The Moult, offers over £5m, Savills
Noted by Pevsner as ‘the first gentleman’s seaside residence in the area’, The Moult is arranged in ‘early 19th-century picturesque’ style around the core of an earlier house built in 1764 by a Mr A. Hawkins, who evidently chose his site with infinite care. Following his death, the ‘Elizabethan style’ house was sold to S. Strode Esq. It had been much improved by the mid 1850s, when it was ‘the beautiful marine residence’ of Viscount Courtenay, the Earl of Devon’s eldest son.

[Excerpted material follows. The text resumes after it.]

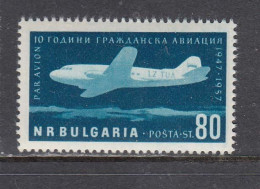 Bulgaria 1957 - 10 Years Of Civil Aviation In Bulgaria, Mi-Nr. 1027, MNH** - Unused Stamps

According to White’s History of Devonshire, 1850, Salcombe had long been considered ‘the warmest place on the south-west coast, as oranges, lemons and American aloes bloom in the open air, in the pleasure grounds of Woodville and the Moult’. Rich Victorians flocked there from London to bask in its Mediterranean climate and marvel at the ‘wild and romantic’ coastal scenery between Prawle Point in the east and Bigbury Bay in the west. ‘Winter in Salcombe is winter only in name,’ enthused the Victorian historian and biographer James Anthony Froude, who regularly rented The Moult from the Earl of Devon for the summer months from the 1870s onwards. In 1889, shortly before his death, Alfred, Lord Tennyson stayed with Froude at The Moult, and legend has it that he wrote his last poem, Crossing the Bar, an allegory of his own imminent demise, in the pretty thatched summerhouse in the garden overlooking the bay.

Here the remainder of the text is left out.